Photovoltaics can be one of the best solutions for energy generation in the future. Sun is expected to be an unlimited source of energy. Therefore, making use of it can be one of the wisest choices in human history. But, where could we place so many solar panels? As you know, one of the main drawbacks of solar panels is its low efficiency. Thus, we need many of them to produce enough energy. One option is making them float on water. And that’s what they have done in UK: a floating solar farm on the London’s Queen Elizabeth II reservoir.
Water surface? A floating solar farm is better
Vast amounts of water surface can be found in reservoirs or lakes all over the world.

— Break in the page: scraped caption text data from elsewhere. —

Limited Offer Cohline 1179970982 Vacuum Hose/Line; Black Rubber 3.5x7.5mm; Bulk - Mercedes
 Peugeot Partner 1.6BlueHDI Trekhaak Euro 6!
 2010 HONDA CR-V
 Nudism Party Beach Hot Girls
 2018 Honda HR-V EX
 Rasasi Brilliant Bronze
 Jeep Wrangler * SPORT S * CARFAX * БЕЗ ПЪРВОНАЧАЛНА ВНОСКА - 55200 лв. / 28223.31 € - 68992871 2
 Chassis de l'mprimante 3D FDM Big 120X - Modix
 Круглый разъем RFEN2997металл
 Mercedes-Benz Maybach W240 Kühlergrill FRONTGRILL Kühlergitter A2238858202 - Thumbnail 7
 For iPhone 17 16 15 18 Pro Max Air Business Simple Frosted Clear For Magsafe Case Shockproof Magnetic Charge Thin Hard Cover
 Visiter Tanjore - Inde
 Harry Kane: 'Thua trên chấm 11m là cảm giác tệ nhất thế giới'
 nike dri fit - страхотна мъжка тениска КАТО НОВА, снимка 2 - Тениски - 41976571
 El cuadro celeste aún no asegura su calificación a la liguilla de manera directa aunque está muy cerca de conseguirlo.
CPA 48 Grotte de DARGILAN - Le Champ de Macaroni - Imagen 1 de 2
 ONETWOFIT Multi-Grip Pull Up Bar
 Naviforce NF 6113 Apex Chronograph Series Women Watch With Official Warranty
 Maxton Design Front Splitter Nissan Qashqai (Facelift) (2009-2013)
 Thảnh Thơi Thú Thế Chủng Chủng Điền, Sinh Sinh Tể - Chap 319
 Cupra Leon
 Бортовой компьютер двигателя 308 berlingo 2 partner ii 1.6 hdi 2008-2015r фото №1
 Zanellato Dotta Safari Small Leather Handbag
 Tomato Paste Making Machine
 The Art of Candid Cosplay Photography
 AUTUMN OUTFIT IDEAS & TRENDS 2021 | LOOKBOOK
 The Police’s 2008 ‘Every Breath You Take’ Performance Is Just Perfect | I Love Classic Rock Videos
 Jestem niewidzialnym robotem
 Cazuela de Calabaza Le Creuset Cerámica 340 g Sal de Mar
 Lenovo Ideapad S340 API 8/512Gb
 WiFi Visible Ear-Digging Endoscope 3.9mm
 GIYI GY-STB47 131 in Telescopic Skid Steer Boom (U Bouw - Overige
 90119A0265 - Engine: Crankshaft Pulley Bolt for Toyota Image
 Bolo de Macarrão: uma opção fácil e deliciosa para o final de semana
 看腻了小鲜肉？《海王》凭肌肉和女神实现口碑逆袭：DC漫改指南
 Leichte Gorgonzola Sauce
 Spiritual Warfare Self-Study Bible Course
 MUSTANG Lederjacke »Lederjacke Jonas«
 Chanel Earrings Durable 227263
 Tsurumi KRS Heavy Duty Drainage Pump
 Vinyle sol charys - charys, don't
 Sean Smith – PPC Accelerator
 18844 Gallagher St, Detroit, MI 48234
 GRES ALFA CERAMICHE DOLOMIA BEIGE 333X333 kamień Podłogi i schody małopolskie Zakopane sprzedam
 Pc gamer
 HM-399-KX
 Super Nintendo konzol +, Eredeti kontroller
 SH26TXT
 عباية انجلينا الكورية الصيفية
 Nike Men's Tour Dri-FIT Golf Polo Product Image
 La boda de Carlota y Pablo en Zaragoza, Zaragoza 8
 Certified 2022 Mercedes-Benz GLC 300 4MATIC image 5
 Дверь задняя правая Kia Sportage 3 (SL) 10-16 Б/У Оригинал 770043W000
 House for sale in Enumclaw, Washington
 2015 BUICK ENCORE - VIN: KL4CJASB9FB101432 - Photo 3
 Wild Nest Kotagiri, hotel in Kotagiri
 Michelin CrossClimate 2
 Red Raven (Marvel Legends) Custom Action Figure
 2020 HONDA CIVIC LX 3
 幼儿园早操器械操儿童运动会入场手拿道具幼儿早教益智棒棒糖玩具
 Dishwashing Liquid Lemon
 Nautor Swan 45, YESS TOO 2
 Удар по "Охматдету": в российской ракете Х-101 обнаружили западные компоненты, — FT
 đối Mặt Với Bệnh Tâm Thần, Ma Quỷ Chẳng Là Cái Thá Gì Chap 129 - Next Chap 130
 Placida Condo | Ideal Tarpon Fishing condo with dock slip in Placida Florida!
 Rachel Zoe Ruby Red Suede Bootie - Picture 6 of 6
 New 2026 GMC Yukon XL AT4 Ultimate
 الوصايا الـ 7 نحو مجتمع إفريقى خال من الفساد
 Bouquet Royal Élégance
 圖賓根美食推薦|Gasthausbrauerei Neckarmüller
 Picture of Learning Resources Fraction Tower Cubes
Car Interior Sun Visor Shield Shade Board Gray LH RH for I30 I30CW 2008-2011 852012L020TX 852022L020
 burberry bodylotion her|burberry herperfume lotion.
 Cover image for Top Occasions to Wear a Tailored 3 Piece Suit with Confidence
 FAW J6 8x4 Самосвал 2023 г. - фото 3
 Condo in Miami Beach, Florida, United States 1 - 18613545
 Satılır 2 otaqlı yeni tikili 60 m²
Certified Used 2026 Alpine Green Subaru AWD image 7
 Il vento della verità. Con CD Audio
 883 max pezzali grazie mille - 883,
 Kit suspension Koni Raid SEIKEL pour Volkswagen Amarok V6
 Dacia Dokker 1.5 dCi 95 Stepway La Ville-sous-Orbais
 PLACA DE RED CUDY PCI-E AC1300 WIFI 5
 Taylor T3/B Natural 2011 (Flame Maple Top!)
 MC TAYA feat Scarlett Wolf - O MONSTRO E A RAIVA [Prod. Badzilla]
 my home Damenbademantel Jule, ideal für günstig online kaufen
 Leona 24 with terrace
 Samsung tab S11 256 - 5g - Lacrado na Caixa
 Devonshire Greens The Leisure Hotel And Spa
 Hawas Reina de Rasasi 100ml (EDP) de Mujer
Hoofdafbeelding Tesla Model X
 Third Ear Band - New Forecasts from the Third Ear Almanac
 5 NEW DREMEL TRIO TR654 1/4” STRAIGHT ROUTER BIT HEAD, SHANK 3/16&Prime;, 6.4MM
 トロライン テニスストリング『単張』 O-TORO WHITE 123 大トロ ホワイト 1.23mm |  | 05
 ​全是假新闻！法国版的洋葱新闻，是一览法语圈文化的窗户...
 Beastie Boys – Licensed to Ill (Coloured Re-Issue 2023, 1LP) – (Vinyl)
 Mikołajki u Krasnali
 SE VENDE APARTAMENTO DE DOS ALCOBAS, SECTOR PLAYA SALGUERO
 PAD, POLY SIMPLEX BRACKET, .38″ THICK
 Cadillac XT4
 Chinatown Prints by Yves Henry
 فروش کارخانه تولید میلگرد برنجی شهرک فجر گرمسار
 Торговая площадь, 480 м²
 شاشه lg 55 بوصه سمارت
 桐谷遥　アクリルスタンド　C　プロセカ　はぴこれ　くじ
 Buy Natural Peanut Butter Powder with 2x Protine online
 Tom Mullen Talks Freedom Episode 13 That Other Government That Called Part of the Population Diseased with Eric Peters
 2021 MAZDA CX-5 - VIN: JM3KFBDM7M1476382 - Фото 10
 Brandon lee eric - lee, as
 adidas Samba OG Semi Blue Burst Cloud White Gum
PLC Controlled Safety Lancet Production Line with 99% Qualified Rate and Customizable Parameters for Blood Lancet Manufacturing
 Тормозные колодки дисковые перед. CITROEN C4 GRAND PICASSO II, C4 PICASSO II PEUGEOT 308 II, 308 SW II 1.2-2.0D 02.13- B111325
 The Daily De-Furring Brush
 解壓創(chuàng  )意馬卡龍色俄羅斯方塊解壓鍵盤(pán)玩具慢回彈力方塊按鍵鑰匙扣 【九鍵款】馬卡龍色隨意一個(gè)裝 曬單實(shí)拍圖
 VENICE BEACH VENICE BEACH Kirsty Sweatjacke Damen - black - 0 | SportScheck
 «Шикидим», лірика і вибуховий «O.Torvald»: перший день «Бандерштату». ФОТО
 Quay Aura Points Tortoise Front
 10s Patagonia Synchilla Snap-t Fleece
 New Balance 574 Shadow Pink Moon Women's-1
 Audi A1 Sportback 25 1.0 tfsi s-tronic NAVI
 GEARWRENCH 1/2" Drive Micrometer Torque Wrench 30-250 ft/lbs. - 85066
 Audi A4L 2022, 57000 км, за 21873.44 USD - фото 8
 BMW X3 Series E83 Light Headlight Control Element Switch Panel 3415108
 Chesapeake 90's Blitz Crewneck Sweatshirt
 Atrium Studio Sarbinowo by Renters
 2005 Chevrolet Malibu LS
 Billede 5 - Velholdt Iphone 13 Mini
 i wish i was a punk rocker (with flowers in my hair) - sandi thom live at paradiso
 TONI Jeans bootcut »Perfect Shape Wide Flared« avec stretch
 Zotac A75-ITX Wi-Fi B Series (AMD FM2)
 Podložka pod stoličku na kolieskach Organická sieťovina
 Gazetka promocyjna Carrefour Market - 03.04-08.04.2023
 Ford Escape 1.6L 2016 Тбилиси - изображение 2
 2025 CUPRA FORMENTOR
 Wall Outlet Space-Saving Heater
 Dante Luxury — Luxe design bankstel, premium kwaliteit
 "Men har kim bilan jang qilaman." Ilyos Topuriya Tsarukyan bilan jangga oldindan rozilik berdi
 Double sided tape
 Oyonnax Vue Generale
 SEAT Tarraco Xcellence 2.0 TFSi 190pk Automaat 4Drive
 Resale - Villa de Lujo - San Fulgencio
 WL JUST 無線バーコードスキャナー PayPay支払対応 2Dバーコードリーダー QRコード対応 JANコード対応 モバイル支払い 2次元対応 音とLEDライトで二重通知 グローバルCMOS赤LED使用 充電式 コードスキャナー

They are used for ‘nothing’ apart from storing water. Then, why don’t we look for another way to make use of them? Floating solar farms can be a good solution. Not only to generate energy, but also to diminish evaporation in dry seasons.
Thames Water wants to generate up to a third part of its energy from renewable sources by 2020. This floating solar farm is part of that goal. More than 23,000 panels will have a maximum power output of 6.3MW and produce about 5.8 million kWh, enough energy for 1,800 homes. The panels will cover about 10% of the surface of the reservoir.
Lightsource is the responsible for the management of the installation. They have required more than 61,000 floats and 170 anchors to make this project real. The construction has recently started and will be finished by 2020. As you can imagine, the experience is really positive for the company:
There is a great need from energy intensive industries to reduce their carbon footprint, as well as the amount they are spending on electricity and solar can be the perfect solution,” he said in a statement. “We’re therefore constantly evolving new skill sets to ensure that all of our projects deliver maximum energy generation over the lifetime of the installation.